He curls in on himself and a groan-like roar of agony billows through the hall, practically shaking the walls. Panic seizes my thoughts, and I’m overcome with a singular mission to help.
“I’ll drive.” I hold out my hand to help him up. “Just tell me where.”
He tilts his head back, and his eyes are rimmed red. “Desert Springs Memorial.”
“Got it.” I pull him to his feet, and we charge out to my car.
I don’t know what the fuck is going on, but memories from the past are knocking to get in. I need to stay focused and get Jonah to his wife and unborn baby. Before it’s too late.
Thirty-Two
Cameron
The car is still moving when Jonah jumps from the Maserati in the hospital’s emergency driveway. I leave the car there and run after him. The sterile scent of the room ignites a flood of memories that mix with current events and have me struggling to stay in the moment.
This isn’t Rosie. Not Rosie.
“My wife, where is she?” Jonah looms over the young girl at the admissions desk. “She’s seven months pregnant.”
The girl’s eyes are wide on him, most likely scared shitless by the 250-pound fighter who looks as if he’s about to rip someone’s arms clean off their body. “Oh, um . . . I need a . . . name, sir?”
“Fuck, just tell me she’s okay.” Jonah shoves his hands through his hair. “Jesus, God, please, they need to be okay.”
He looks seconds away from completely losing his shit and tearing the walls down to find his woman.
I push him aside and go to the desk. “Hi, um”—I read her nametag—“Carol, her name is Raven Slade. She’s seven months pregnant and was brought in about twenty minutes ago.”
She nods and types a few things on her computer. “Yes, she’s um . . .” More typing.
“Where the fuck is my wife?” Jonah’s question thunders off the walls and slick floors, attracting the attention of security guards nearby. They start to close in.
I hold out my hand to them and turn toward Jonah. “Slade, cut that shit out.”
His eyes dart around the room, unfocused, tears brimming. Fuck.

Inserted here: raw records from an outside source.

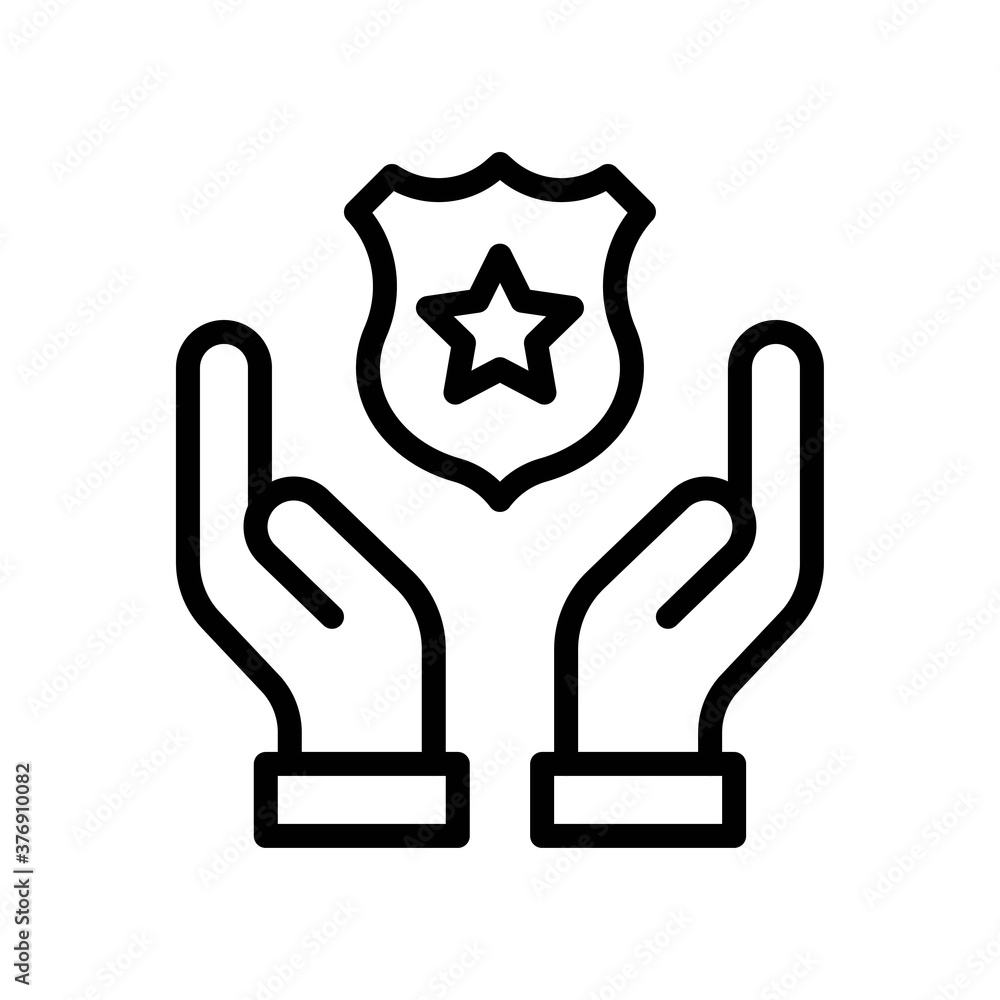 administrative related police badge on hand or care hands vector in lineal style, administrative related police badge on hand or care hands vector in lineal style,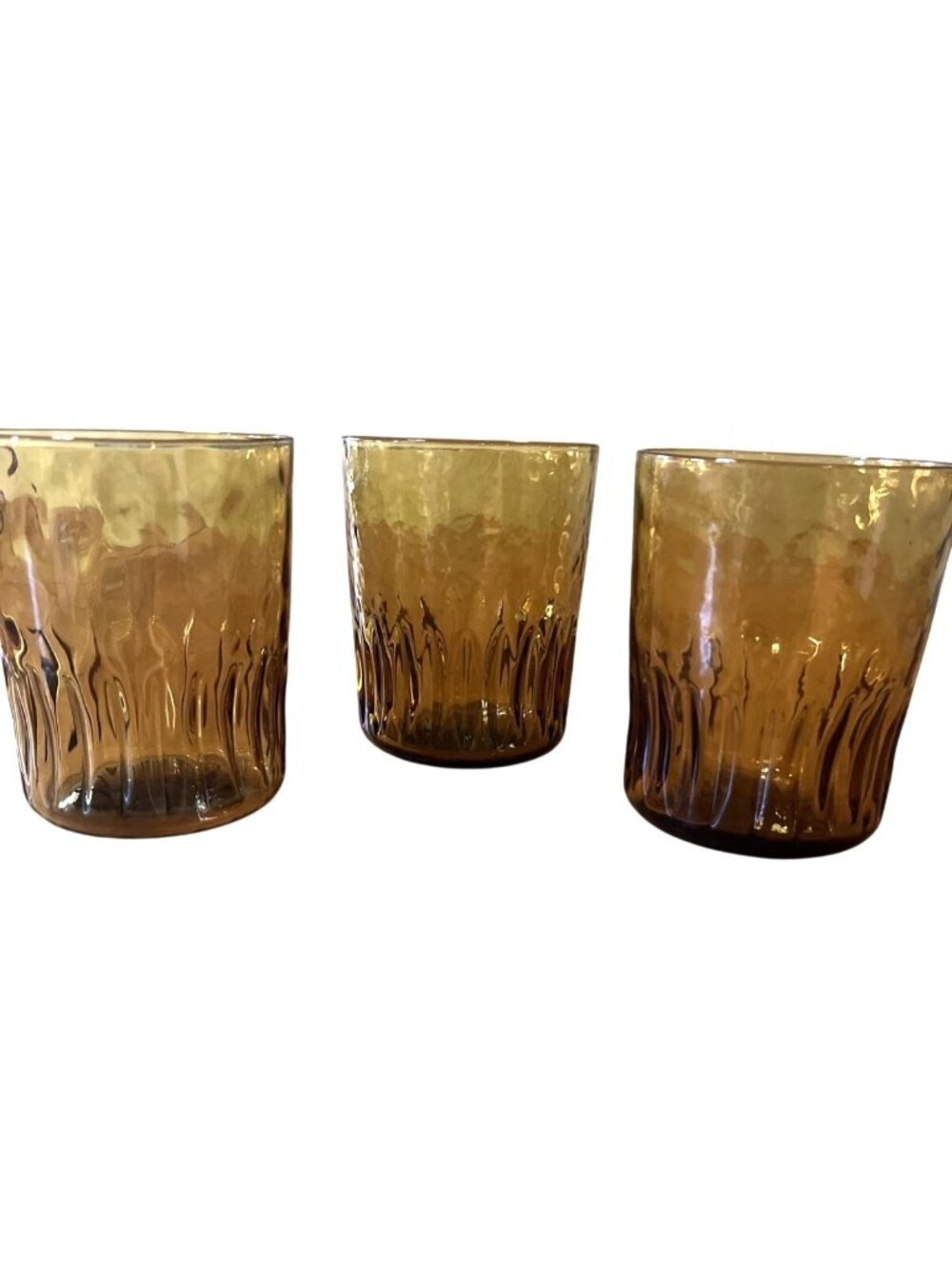 Vintage Set Of 3 Amber Crinkle Tumblers Lowball Whiskey Glass MCM 4”Tall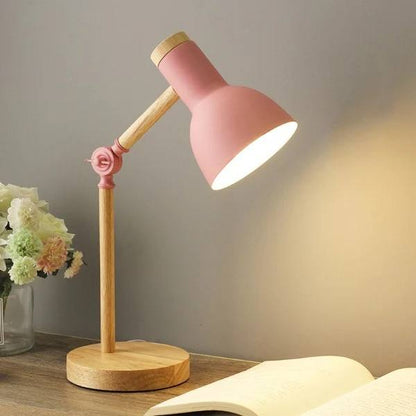 Versatile Touch-Controlled Wooden LED Lamp with Adjustable Arm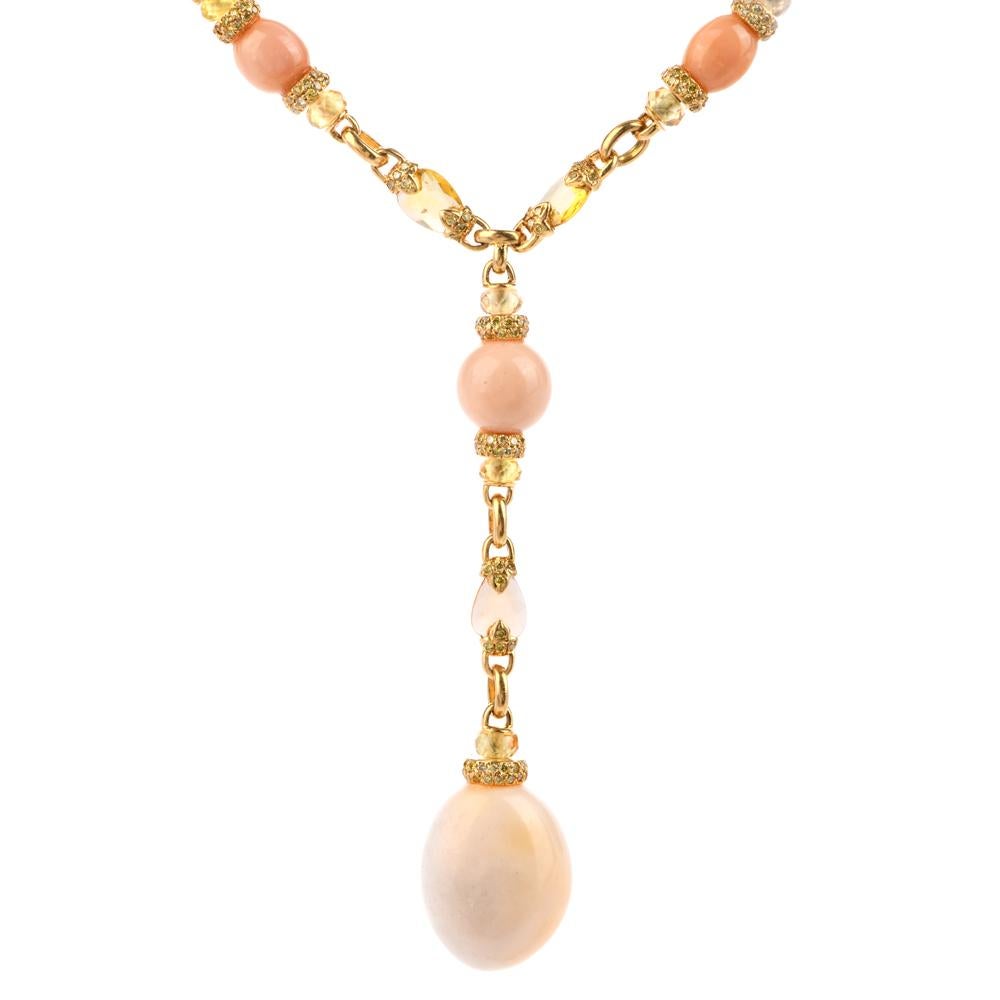 Modern Natural Conch Pearl GIA Fancy Yellow Diamond and Sapphire Long Gold Necklace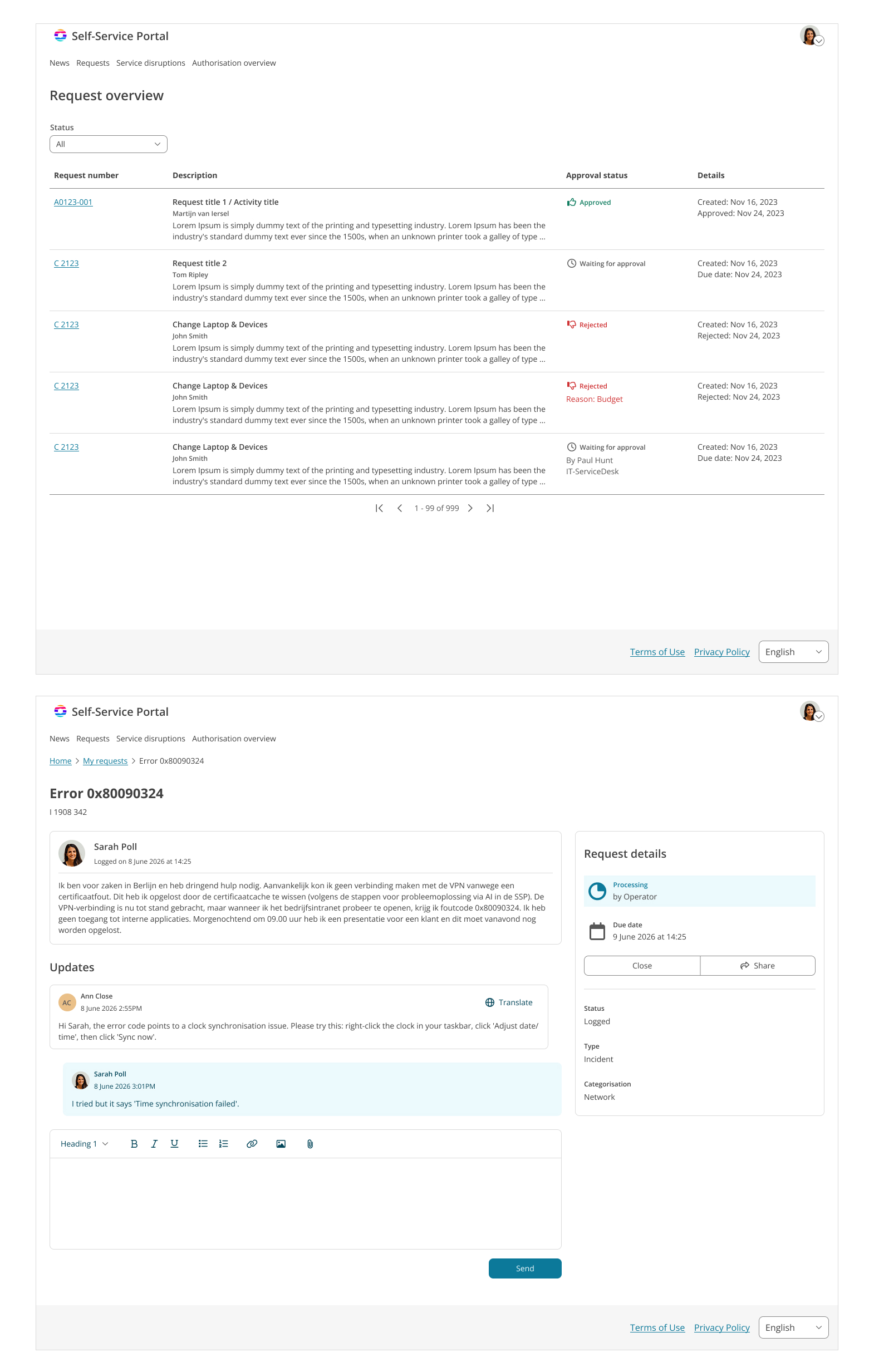 Final designs: Request overview with approval statuses, and an incident detail page with updates thread and request details panel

I stand up tall so we’re roughly the same height. “Look at me. Hey.” I slap him lightly in the face to get his attention, and he turns a hateful glare at me. “Pull your shit together now. You’ll do your wife no good by getting arrested. You want to help Raven and the baby; you need to fucking man the fuck up and be strong; you hear me?”
He blinks a few times, and some of the rage behind his eyes dissolves.
“That’s right. There you go. This is title-fight time; bring your fucking A-game. Do you understand?”
He nods.
“Good, now stop scaring the piss out of this poor girl, and let’s get a lockdown on your woman.”
“Yeah.” He nods a few more times. “Right.”
Still a mess, but at least he’s not looking murderous.
I turn back to Carol, who hands us a few pieces of paper. “If you could fill these out—”
“No, first you tell me where the fuck my wife is.” Jonah’s growled words make Carol’s hand shake.
“Sir, your wife, Raven?” She shifts on her feet and eyes me nervously.
Oh fuck, this can’t be good.
Carol clears her throat. “All I know is she was involved in a hit and run. T-boned pretty bad.”
“No.” He shakes his head and stumbles back a step.
“Jonah, man. Dig deep for it,” I say loud enough for only his ears.
“She was unconscious when they brought her in, and they rushed her right into surgery, but that’s all I know.”
Jonah’s jaw is tight, his mouth in a thin line, and a single tear escapes his eye.
Hands on my hips, I drop my head with the weight of what Jonah’s feeling. I know it, have lived it, and fucking live it every day of my life. Pain, regret, anger.
She puts the papers down and shoves them toward him. “If you could—”
He turns his back on her and storms outside.
I pick up the papers and grab a pen. “Thank you. I’ll get these taken care of.”
She nods and flashes a sad smile that makes me hurt even worse for the heavyweight fighter.
“Do you know if the woman Mrs. Slade came in with has any relatives? We can’t seem to—”
“Woman?” My head goes light, and my spine tingles. I brace my weight on the desk. “She wasn’t alone?”
“No, she had a passenger in the car with her.” She looks at her computer screen. “A woman by the name of Yvette—”
White noise. Total static. I don’t need to hear the rest of what she has to say. Eve’s hurt. The room tilts on its side, and my knees buckle. I wobble but hold tight to the desktop, refusing to fall.
“What happened to her? Is she okay?”
She checks out her computer screen and makes a few clicks. “Are you family?”
“No, but”—I point over my shoulder to the doors Jonah stormed out of minutes ago—“we’re the closest thing she has to family.”
“I’m sorry, sir, I can’t give any information out unless you’re related.”
I lean forward, desperate for something. Anything. “Please, just . . . can you give me something? Is she . . .?” I swallow hard. “Is it bad?”